Forty months later, Wright’s hope had paid off when voters approved a new $44 million bond issue. He repeated those two words.
“We’re close,” he said, as he, along with assistant superintendent Robin Ballard and maintenance supervisor Greg Wheat, provided an informal tour of the school district’s sprawling new career tech center.
“I’d say it’s about 95 percent finished,” Wheat said, as work continued throughout the $11 million, 55,000 square-foot facility.
The main construction is over. Workers are busy adding finishing touches in anticipation of the facility’s opening in August, five years after that initial failed bond issue.
Since the second bond proposal was approved by voters, Wright said, the board has unanimously supported the project. The two big-ticket items — the New Hope High School and the career tech center — will both be open to students in the fall.
Wright beamed with pride as he led the tour of The Lowndes County Career and Technical Center.
Set far back off Lehmberg Road, the nearly completed center is an imposing structure. Up close, the most striking impression is how spacious all of the instruction areas are. Nine separate fields of study — automotive service technician, construction core, teacher academy, health sciences, industrial maintenance, welding, polymer science, culinary arts and engineering/robotics — are provided with room to grow.
“Right now, we have a little less than 100 students in our vocational programs at the three high schools,” Wright said. “Next fall, we expect to have 450 students enrolled in programs here.”
Wright said he believes the facility can easily accommodate 500 students or more.
The north side of the building features four massive rooms, complete with roll-up bay doors, and high ceilings for the industrial maintenance, welding, construction core and automotive programs. Although the equipment required for these programs won’t be installed until after the school year ends — much of that equipment is already being used at the schools — some special features are already in place. Fourteen individual welding bays have been constructed for the welding class, while the automotive service classroom is being prepared for its hydraulic lifts.
The middle section of the building features one of four new programs — the polymer science department, a 250-seat theater style auditorium, complete with a drop-down video screen.
“We’ve been working closely with Mississippi State on developing the polymer science program since it’s new for us,” Wright said. “They are helping us find an instructor in addition to helping us put together the program.”
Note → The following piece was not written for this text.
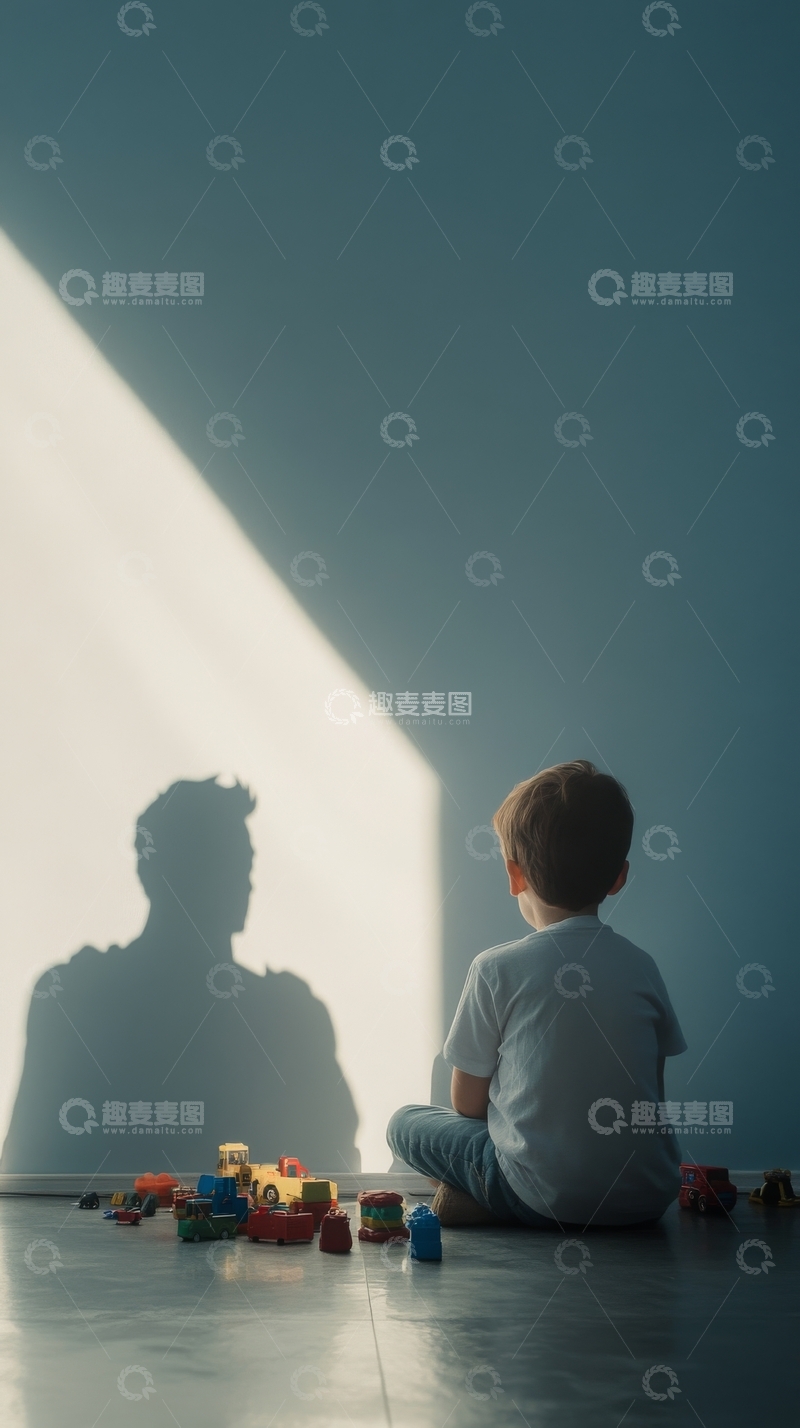 高清大图下载【趣麦麦图】男孩坐在地上，阳光投射出成人影子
Unlike most of the departments, the equipment for the culinary arts program is already in place. The roomy kitchen, outfitted with its shiny array of equipment, rivals that of any large restaurant. A room adjacent to the kitchen will be used for dining service, allowing students to gain experience in the entire culinary process, from food preparation to table service.
“It’s my favorite part of the building,” Wright said, laughing as he rubbed his stomach.
The south end of the building features classroom space for engineering/robotics, the teacher academy and health sciences.
The facility also includes office space, a board room and a kitchen for use of the staff, which will include nine instructors along with the man who will be in charge of the operation, Percy Lee, the district’s Tech Prep director.
Students will be divided between three 100-minute blocks, beginning at 8 a.m., with 200 students in each of two morning blocks and 150 in the afternoon block.
Wright said he also hopes to make the facility available to adult learning programs in the evening.
“We really see this as something the whole community can use,” Wright said. “Programs like the (Greater Columbus) Learning Center are already showing interest.”
Wright said businesses and industries throughout the county have also been in touch.
“We’re not just talking about the PACCARs and Steel Dynamics, but smaller industries, too,” he said. “We’ve really had interest from all over the county, from big and small.”